Regarding the results:

  • Not every date will have clicks or views
  • Some date may have views and no clicks
  • Some date may have clicks and no views

Off to the code... this is what I currently have:

SELECT
    $views_table.date AS event_date,
    $views_table.views,
    '' AS clicks
FROM
    $views_table
WHERE
    ( $views_table.date BETWEEN '$from_date' AND '$to_date' )
    AND $views_table.advert_id=$advert_id
UNION
SELECT
    CAST($clicks_table.timestamp AS DATE) AS event_date,
    '' AS views,
    COUNT($clicks_table.advert_id) AS clicks
FROM
    $clicks_table
WHERE
    ( CAST($clicks_table.timestamp AS DATE) BETWEEN '$from_date' AND '$to_date' )
    AND $clicks_table.advert_id=$advert_id
GROUP BY
    event_date
ORDER BY
    event_date ASC;

Some notes on the code:

  • The clicks are stored individually on timestamp and therefore must be cast to dates and then grouped by date (or at least that is how I got valid results for a different report).
  • The report will feature a date range and is for one specific advert. This is explains the where clauses.

While composing this question I formatted the code a bit better and for reading ease I changed the order of the select statements which resolved my initial problem. Apparently both selects must feature the same columns AND be in the same order.
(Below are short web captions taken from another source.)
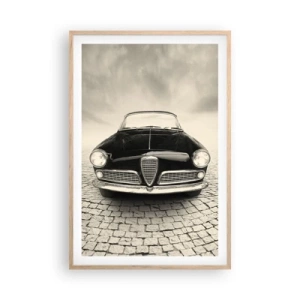 Poster in cornice rovere chiaro - Come non amarmi? - 61x91 cm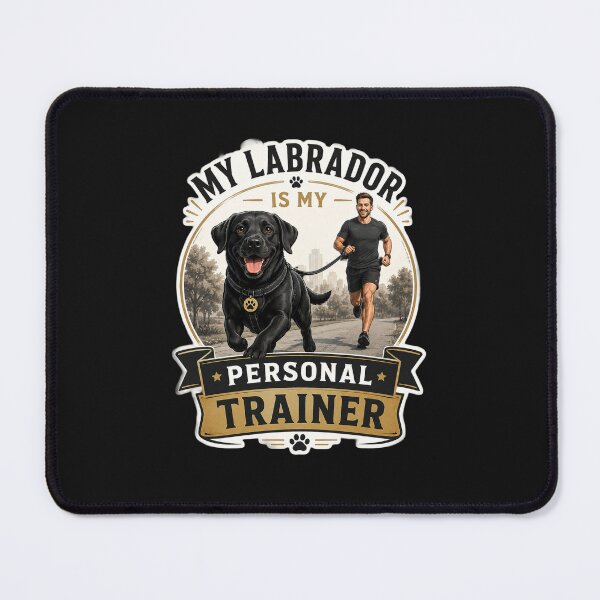 Item preview, My Labrador Is My Personal Trainer | Funny Black Labrador Dog Lover Gift designed and sold by Goodthingstree.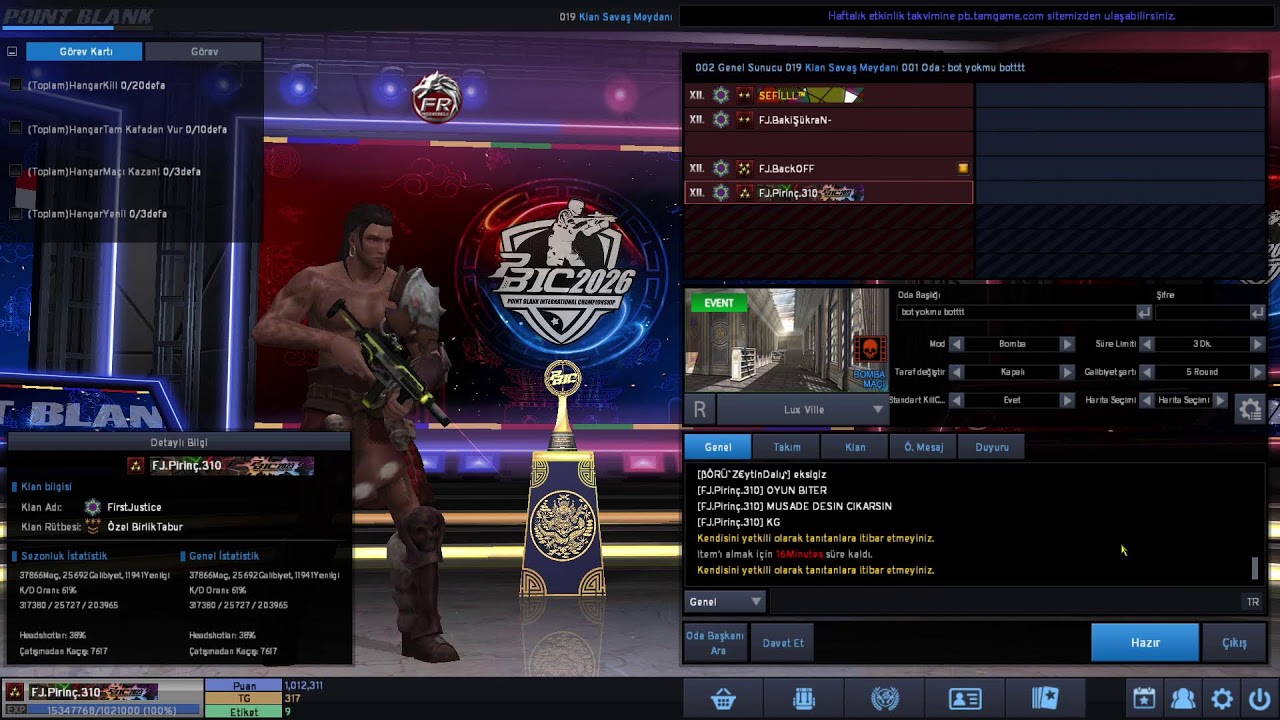 GUNLERDEN KLANN MACI FIRST JUSTICE !!
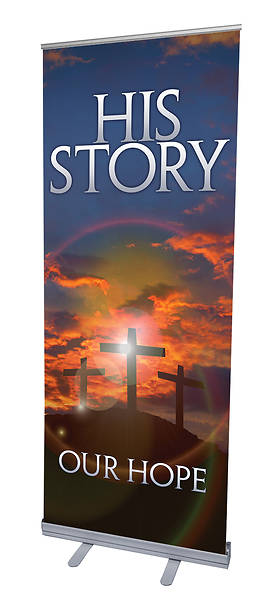 Picture of His Story Our Hope Lent RollUp Banner with Stand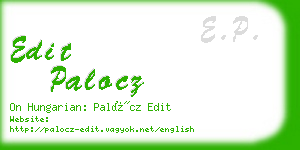 edit palocz business card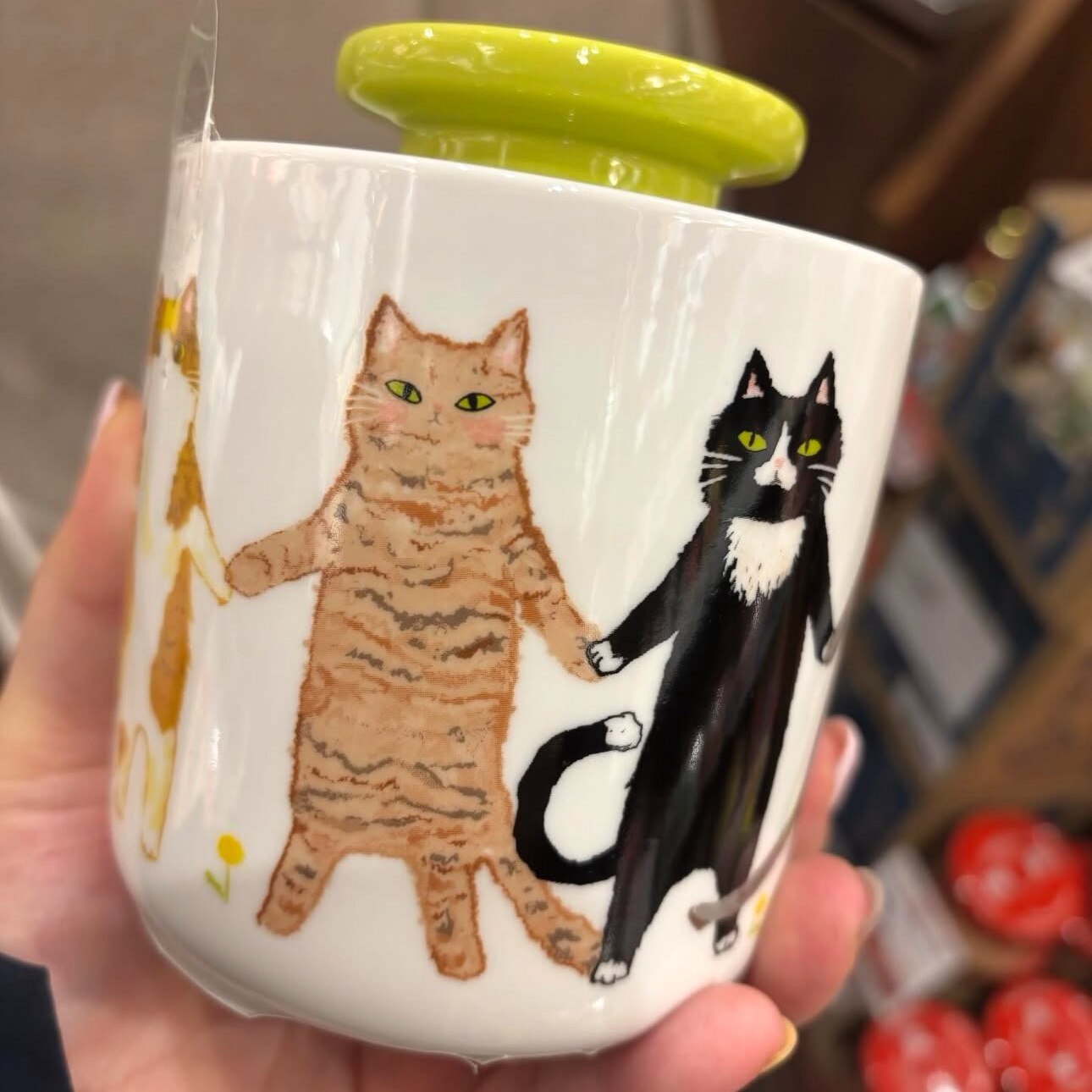 【罐子】猫日猫主题陶瓷罐子日本下午茶糖果罐收纳罐茶叶罐冰糖kd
I think I am nearly there because this is my current result:

+------------+-------+--------+
| event_date | views | clicks |
+------------+-------+--------+
| 2016-05-09 | 1     |        |
| 2016-05-09 |       | 1      |
| 2016-05-10 | 2     |        |
| 2016-05-11 | 105   |        |
| 2016-05-11 |       | 7      |
| 2016-05-13 | 96    |        |
| 2016-05-13 |       | 16     |
| 2016-05-14 | 2     |        |
| 2016-05-14 |       | 1      |
| 2016-05-15 | 2     |        |
| 2016-05-15 |       | 2      |
+------------+-------+--------+

My remaining problem is with the duplicate dates. How can I resolve this?
Many thanks to those who are kind enough to answer!

Community
  • 1
  • 1
FreshSnow
  • 394
  • 2
  • 12
  • "I think I am nearly there" - you are. Put your code in a subquery and use `GROUP BY event_date`. You will need to adjust the SELECT. – Paul Spiegel May 15 '16 at 11:12

2 Answers2

1

It is not a simple union you need, but a union and joins. So, you need a union to get a combined list of dates from both the views and and the clicks table. Then you need to left join the viewes and clicks tables on the list of dates:

select ds.event_date, max(v.views) views, count(c.clicks) clicks
from
    (select distinct date as event_date from views
     union distinct
     select distinct date(timestamp) from clicks) ds
left join views v on ds.event_date=v.date
left join clicks c on ds.event_date=date(c.timestamp)
where ...
group by ds.event_date
Shadow
  • 33,525
  • 10
  • 51
  • 64
  • You need to filter your subselects by `advert_id`. And (i'm not sure but) wouldn't `union distinct` make `select distinct` redundant? – Paul Spiegel May 15 '16 at 11:18
  • @PaulSpiegel I'm not sure either, therefore I kept the select distincts. It is probably redundant in the 1st query. – Shadow May 15 '16 at 11:48
  • [Doc](http://dev.mysql.com/doc/refman/5.7/en/union.html) is not very precise: "duplicate rows are removed from the result". But i've tested on [sqlfiddle](http://sqlfiddle.com/#!9/adbd9/7). However - if `views.date` isn't distinct already, you'll get wrong click count because of the double join. But that is OPs problem :-) – Paul Spiegel May 15 '16 at 12:09
  • Thanks Shadow and @PaulSpiegel, I have updated my code and after a number of tries I now get results. But the results are not correct. For the views it seems they come from random adverts (perhaps the first one to register a view for that day?) and the clicks are numbers I can't retrace. Can you please have a look at my updated code? I created this Pastie because the comments field is too small: http://pastie.org/private/uvobpjedjvgrciqlfg – FreshSnow May 15 '16 at 13:42
  • @Frank - Looks like you have mixed my suggestion from comments and Shadows solution. That will not work. Try one of them. Better - try both, but separately. – Paul Spiegel May 15 '16 at 13:51
  • Sorry about that... Trying my best here :) I have also tried to get everything from the subselect and that gives valid results for the views, but no clicks data: http://pastie.org/private/dnpuyjcnaa1can0wprjka – FreshSnow May 15 '16 at 13:56
  • This solution works fine with some modifications: http://sqlfiddle.com/#!9/796b8/1 – Paul Spiegel May 15 '16 at 14:33
1

I modified your query a little bit (see inline comments) and wrapped it in a subquery to use GROUP BY event_date in the outer query.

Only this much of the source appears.